I’m here to admit that I have a problem. I am powerless over my compulsion toward abstraction.
The Dream Stream
Let’s take a step back. I think event streaming (à la Apache Kafka) is great. Systems are easy to reason about when the problem is decomposed into a pipeline of transformations. Just as a compiler has well defined stages, which can be reasoned about independently, many kinds of problems which require high-throughput and low latency can be solved by building relatively simple components connected by partitioned and ordered event streams. By doing so, the components in the pipeline can add batching, caching and maintain idempotency with little effort. However, I’ve yet to find a streaming system which provides all of the following:
- User-defined partitioning.
- Within a partition, in-order delivery.
- Throughput up to millions of requests per second.
- Correctness-preserving horizontal scaling.
Scaling a topic by adding partitions is commonly supported; however, applications which rely on user-defined partitioning and are sensitive to event order may struggle to gracefully handle events moving between partitions.
Teams have a few options to handle this, none of which seem ideal:
- Over provision capacity and never adjust scaling.
Underutilize these resources indefinitely.
- If you’re trying to empty out an uncomfortably full bank account, this is a great option for you.
- Remove user-defined partitioning, rely on external systems to manage
operations.
- In-memory caching, batching and idempotency become difficult or impossible. Concurrent consumers must coordinate transactions, and this contention is expensive to scale.
- Build a stream management layer to handle upgrades.
- I’ve not seen this done in practice, but imagine it to be the most practical solve this problem. However, it comes at increased development effort and operational complexity.
My “Dream Stream” would be a system which manages event partitioning so that scaling is completely opaque to consumers. And I think I have some good ideas for how that might work. For the past few months, I’ve been trying to get something working; however, I'm having a lot of problems working without any pre-existing constraints.
Realization
Look, I’ve only been a software developer for seven years. I’ve had the fortunate opportunity to build some pretty neat things, but I have a lot more to learn. In the vast majority of projects I've worked on, there is already a pre-existing structure. The job is usually to learn the structrue and replicate it. However, My recent venture into building the Dream Stream has made clear to me an unhealthy relationship with Abstraction.
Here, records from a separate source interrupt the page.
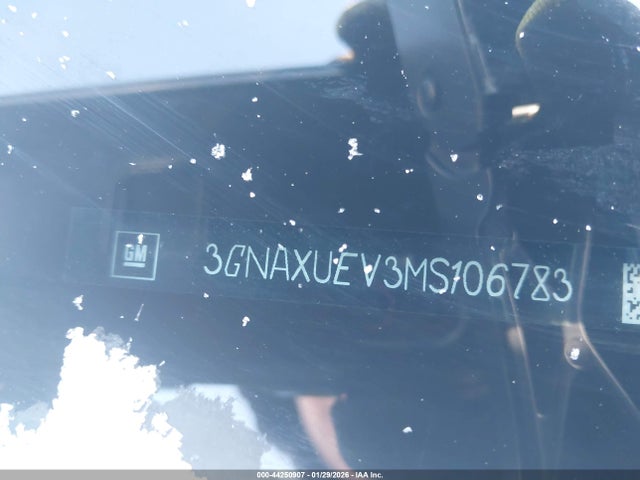 2021 CHEVROLET EQUINOX 3GNAXUEV3MS106783 Photo 8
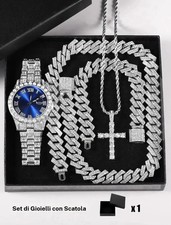 Luxus Punk Uhr Set mit
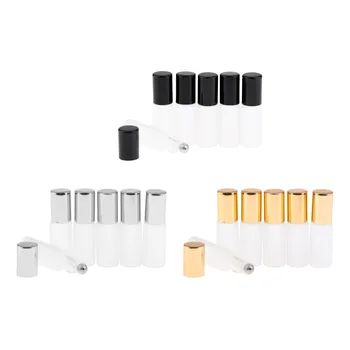 

Perfeclan 6Pcs Empty Roll On Bottles 5ml Roller Containers For Perfume Oils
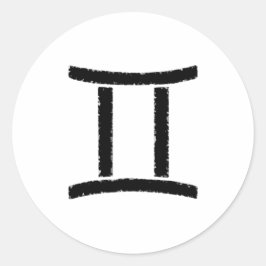 Horoskop-Symbol Runder Aufkleber
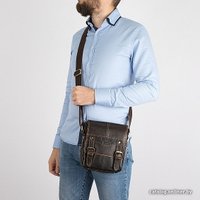 Сумка через плечо Poshete 196-3490-DBW (коричневый)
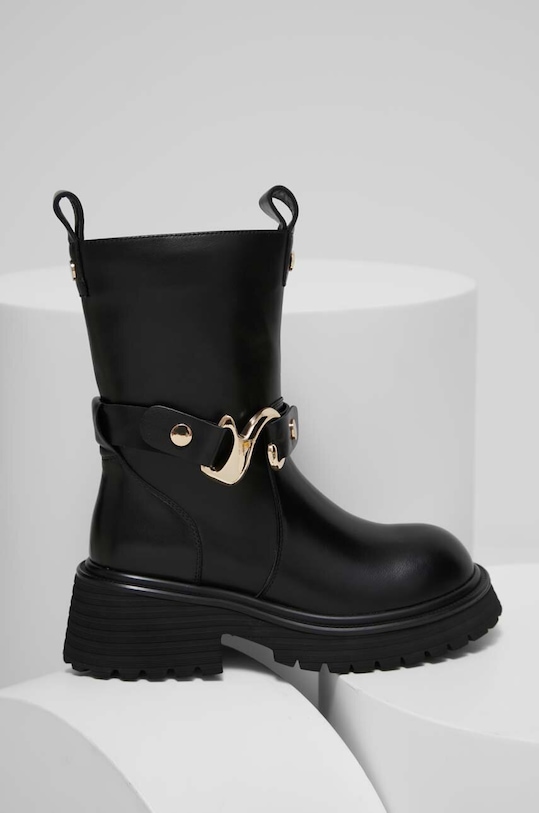 Δερμάτινες μπότες Answear.LAB 5-8 cm μαύρο 2279.830.1.AT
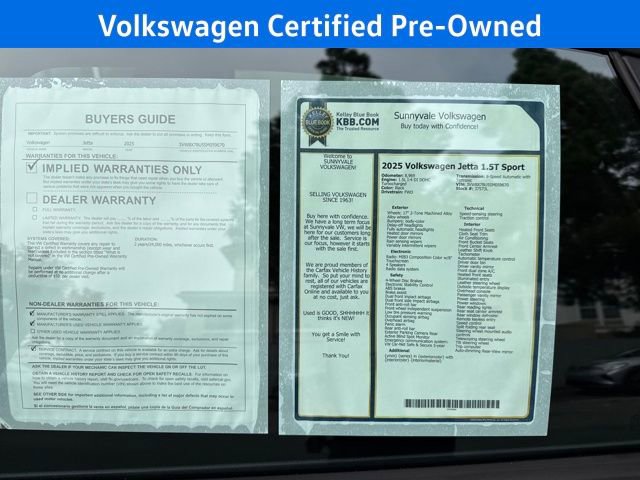 Certified 2025 Volkswagen Jetta Sport image 34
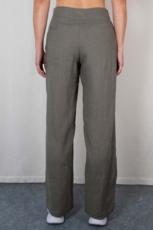 Hør bukser ODA olivengrøn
The first meaningful commit was add the initial hosting abstractions! Wow! “It’s poor design for an application to know about the source of configuration,” I told myself! “An application shouldn’t have to know that it is using a UDP socket to talk to another node, it should be abstracted!” After all, you never know how much time you can save if you decide to switch to something else later! Wow.
Embarassingly, these hosting abstractions consumed my focus for the first week or so of development on the project.
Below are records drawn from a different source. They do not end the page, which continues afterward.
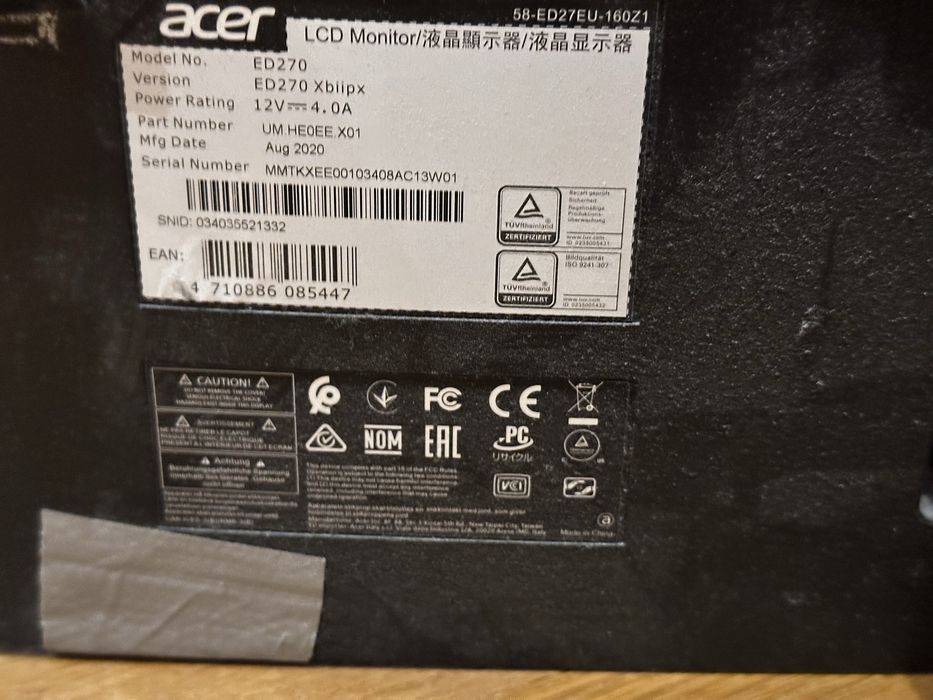 Acer monitor 244 hz+ 144hz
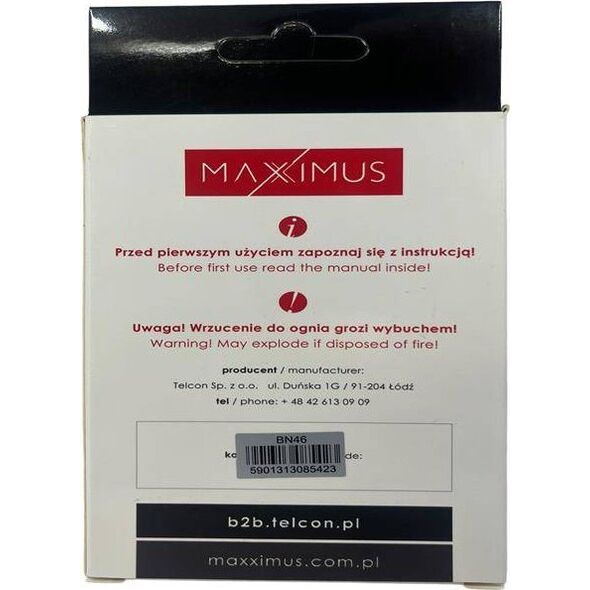 Bateria Xiaomi BAT MAXXIMUS XIAOMI REDMI 7 4000 mAh BN46 13932711 5901313085423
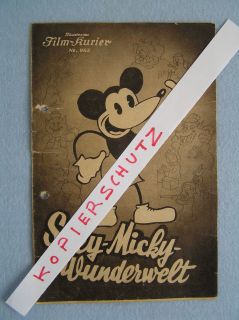 IL. FILMKURIER Nr.962 SILLY MICKY WUNDERWELT 1935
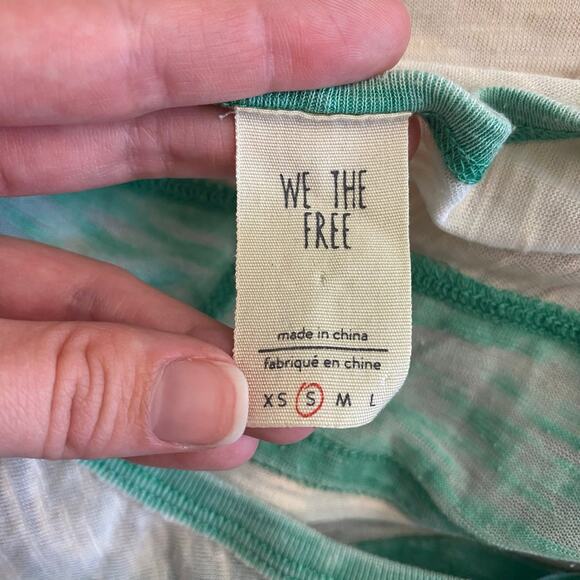 Free People We The Free Charleston Color Block Oversized‎ Tunic Womens Size S - Picture 2 of 9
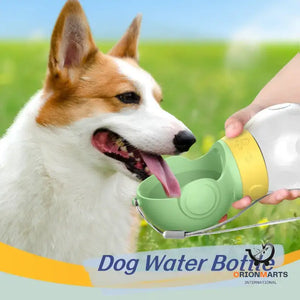 Portable Pet Water Bottle with Leak-Proof Bowl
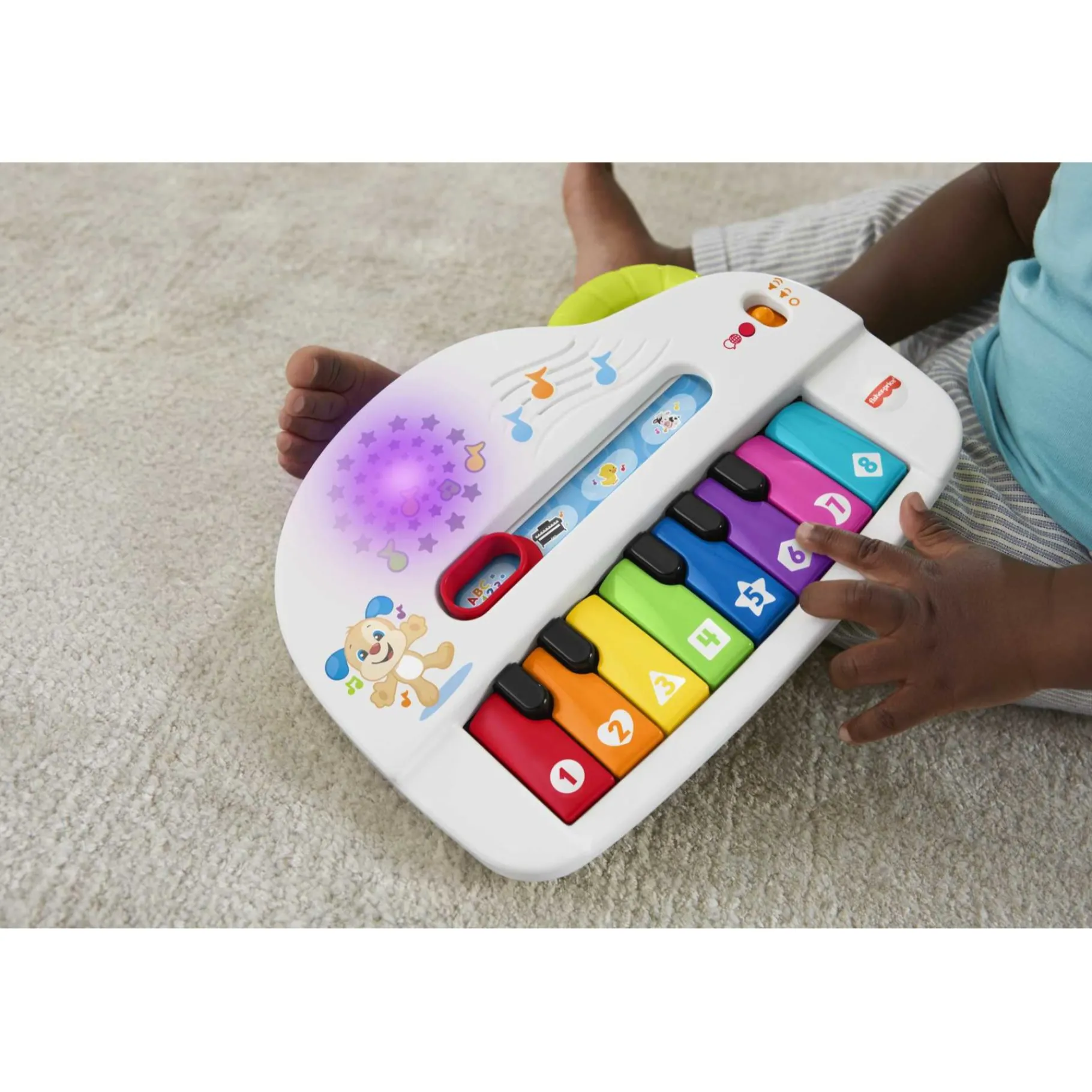 Instrumenten> Fisher Price LNL Silly Sounds Light-Up Piano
Eventually, I moved on to add implementations of Interval Tree Clocks and the SWIM Protocol with the impression that I would need these components to build the Dream Stream.
While these were great learning experiences, they make it so painfully obvious that I only have one ‘tool in the toolbox’, so to say. Every step along the way I was drawing boxes and arrows; pondering metaphyical code responsibilities coming up with ways to split things into neat little bundles. It works. It gets stuff done. I get paid big bucks to do it. But, man, I can’t help but feel that every box creates friction. Every every bundle imposes constraints. Every decision made to offer myself flexibility for a future decision may actually defer the benefit of making a decision at all.
I can’t help but feel there must be a better way. I have a problem. I’m an Abstractionholic.